A faithful copy is required: transcribe each line below exactly, minus the pictures.

> **Supplied material**
◇ ◇ ◇ ◇ ◇ ◇ ◇

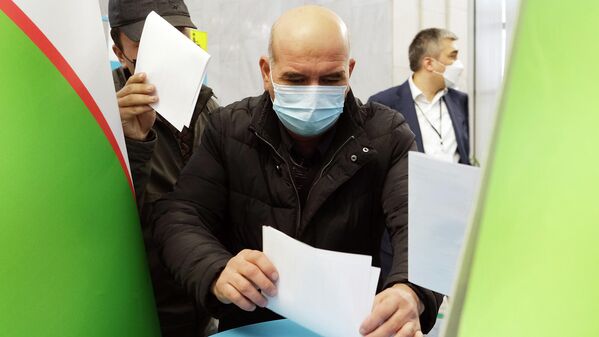 Находится на территории избирательного участка можно исключительно в медицинской маске. - Sputnik Узбекистан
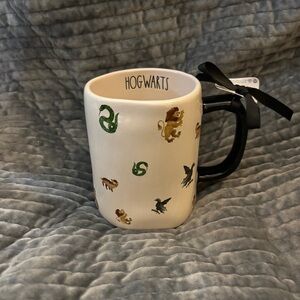Rae Dunn Harry Potter Hogwarts Mug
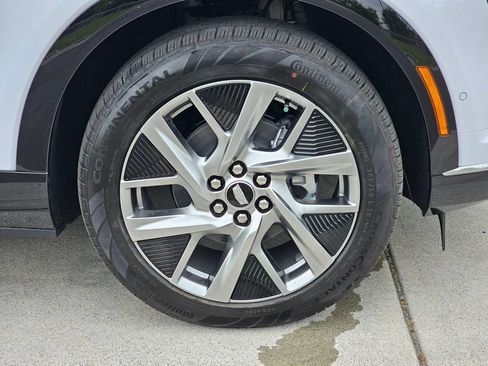 New 2026 Cadillac Optiq Luxury 1 AWD/4WD image 9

◇ ◇ ◇ ◇ ◇ ◇ ◇

> **Written response**
 Находится на территории избирательного участка можно исключительно в медицинской маске. - Sputnik Узбекистан
Rae Dunn Harry Potter Hogwarts Mug
 New 2026 Cadillac Optiq Luxury 1 AWD/4WD image 9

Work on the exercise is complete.